Ce mardi 14 avril 2026 restera comme l’illustration éclatante qu’un État de droit se construit d’abord par la stricte observance des gestes prescrits. En recevant officiellement Denis Kadima dans l’antre du bureau de l’Assemblée nationale, le Président Aimé Boji Sangara n’a pas seulement ouvert sa porte ; il a ouvert la session de contrôle parlementaire à l’heure exacte où la loi l’exigeait.

Accompagné du rapporteur Jacques Djoli Eseng’Ekeli, orfèvre constitutionnel dont la présence suffit à garantir l’orthodoxie juridique du moment, ce binôme a transformé une formalité administrative en une démonstration de force institutionnelle : ici, au Palais du Peuple, on ne badine plus avec le calendrier de la démocratie, et chaque échéance légale est honorée avec une rigueur qui force le respect de tous les acteurs politiques.
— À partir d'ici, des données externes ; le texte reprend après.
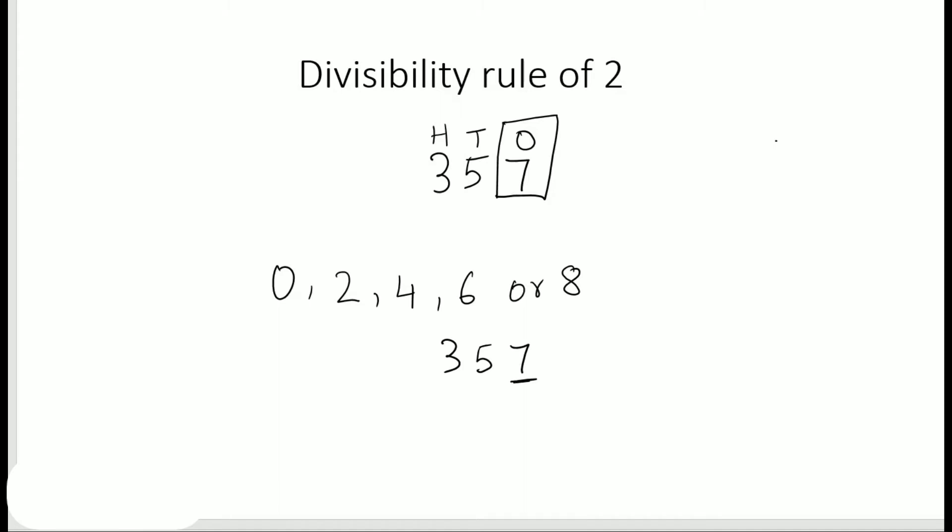And 7 is not there in this list, that means this number is not divisible by 2. However, if I add one more digit at the end, any one digit like 0, 2, 4, 6, 8 - say I add 6, so now it becomes 3,576.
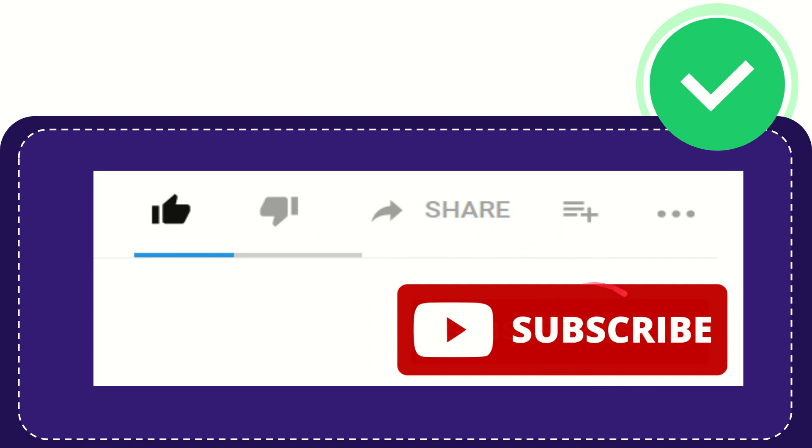Click this subscribe button and don't forget to like this video.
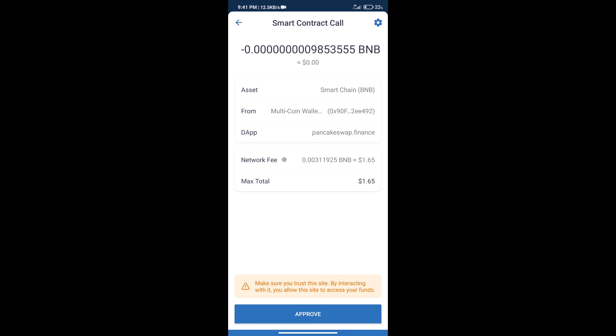And finally, we will get this token successfully. So guys, I have only shared the technical process, not financial advice. Invest in cryptocurrency at your own risk and please check everything before investing. Thanks for watching.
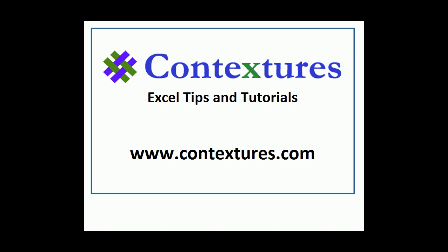For more Excel tips and tutorials, please visit my Contextures website at www.contextures.com.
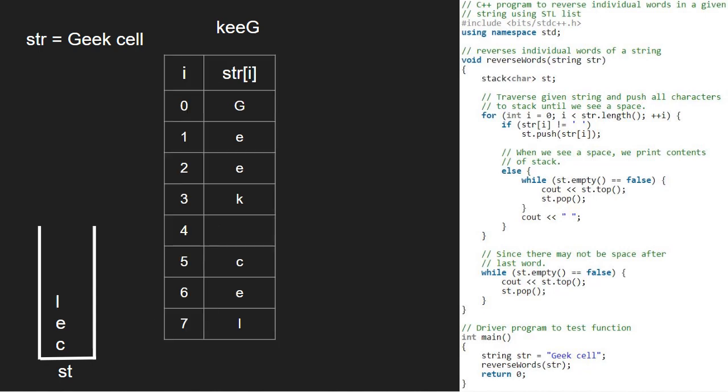Now, we break out of the for loop as we have finished iteration till str dot length. Then, outside the for loop, we pop and print elements of the stack as there is no space after the last word.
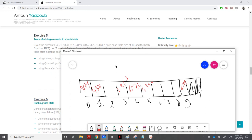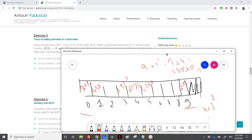The problem now is placing 1989. It should go to index 9, but 9 is occupied. First probe: 9 + 1 = 10, 10 modulo 10 = 0, but 0 is occupied. Second probe: 9 + 2² = 9 + 4 = 13, 13 modulo 10 = 3, but 3 is occupied. Third probe: 9 + 3² = 9 + 9 = 18, 18 modulo 10 = 8, which is empty, so I place 1989 at index 8. That is it for quadratic probing.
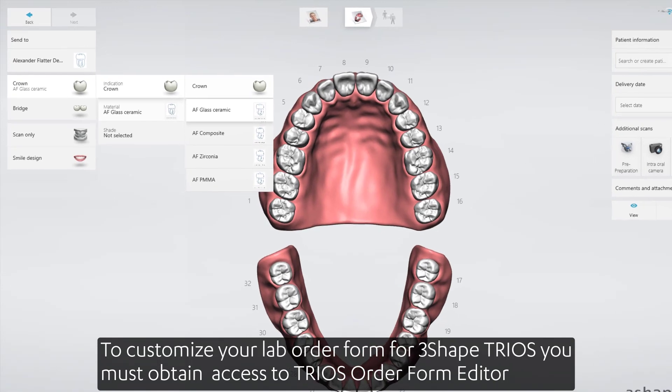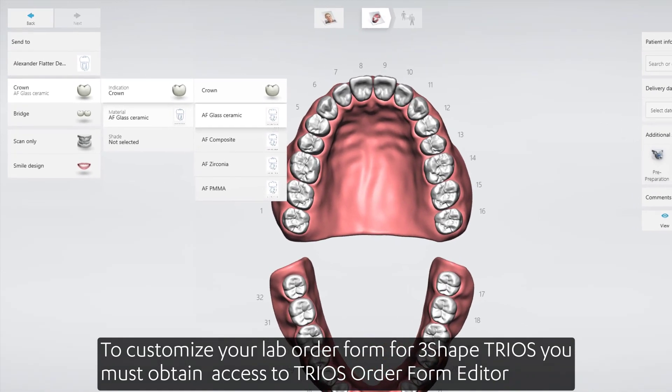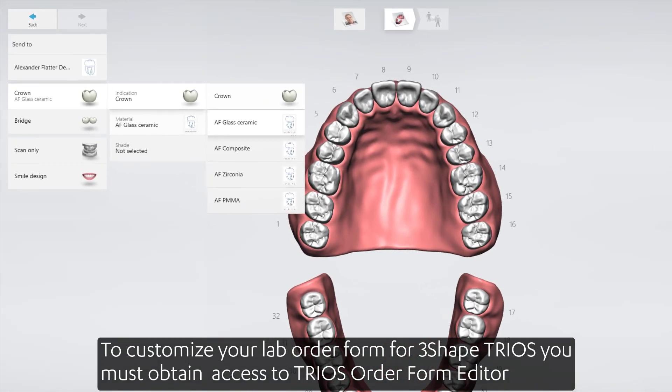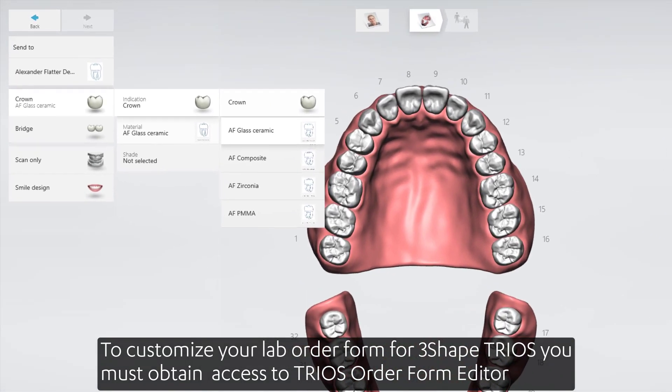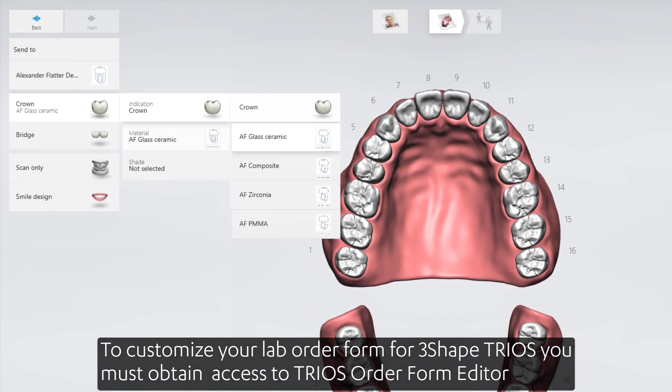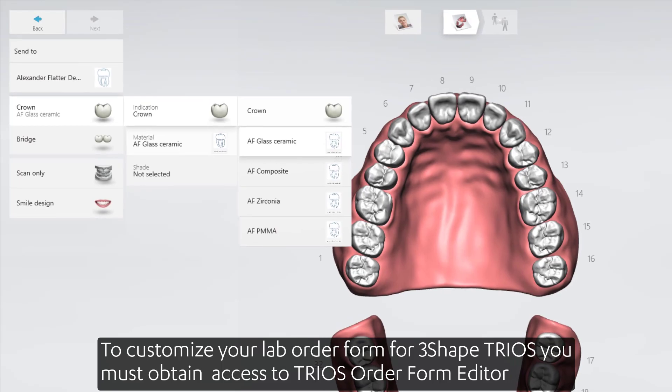To customize your lab order form for 3Shape TRIOS, you must obtain access to TRIOS Order Form Editor.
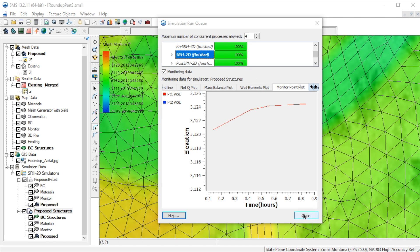This concludes the demonstration for adding an HY8 culvert to an SRH2D model. In the exercise to follow, you will add a culvert to your model and run it again.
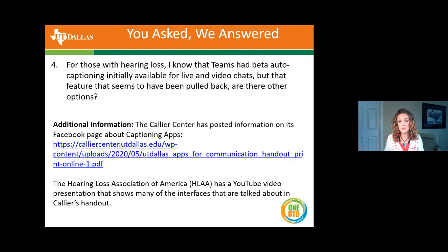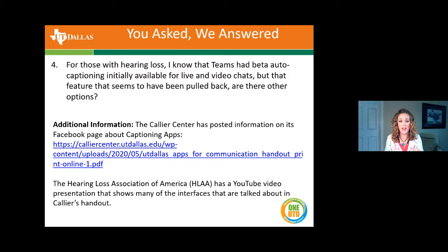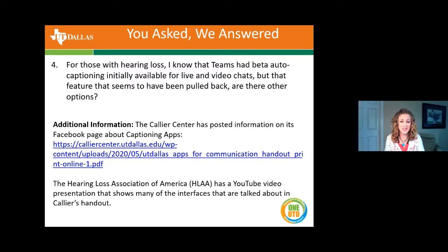From a Teams meeting, if you're using the app on your computer, closed captioning is available at the bottom of the screen. Hover over the video and select those three dots for more actions, then turn on live captioning. Different browsers may have different and limited capabilities, so it's always recommended that for the best experience, you use Teams from your computer to ensure the features function properly.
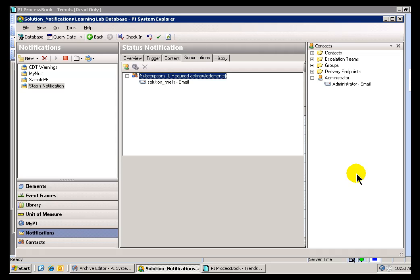Our flagship product for looking at Process Data is PI ProcessBook. As you can imagine, we do have fairly strong integration between ProcessBook and these Notifications.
Le dépôt des 550 exemplaires du rapport annuel — un par député national, ni un de moins, ni un de trop — incarne à lui seul la révolution procédurale silencieuse en cours. Couvrant la période stratégique d’avril 2025 à mars 2026, ce document n’est pas un simple bilan technique ; c’est la feuille de route authentifiée des prochaines échéances électorales. Dans une tradition où les documents se perdaient parfois dans les couloirs ou n’arrivaient que tronqués dans les mains des élus, la précision mathématique exigée par le Professeur Djoli et orchestrée par le Speaker Boji Sangara envoie un signal limpide : le Parlement ne délibère plus sur des rumeurs, il légifère et contrôle sur pièces.

En remettant matériellement à chaque élu la totalité de l’œuvre de la Centrale Électorale, le duo dirigeant de la Chambre basse élève le débat à venir au rang d’examen rigoureux, là où régnait hier l’à-peu-près. Cette image d’un Parlement respectueux de ses propres règles jusqu’au détail protocolaire est la plus cinglante des réponses aux sceptiques de la gouvernance congolaise. La CENI de Denis Kadima n’a pas été convoquée comme un justiciable à la barre, mais accueillie comme une institution partenaire dans le cadre défini par la Loi fondamentale.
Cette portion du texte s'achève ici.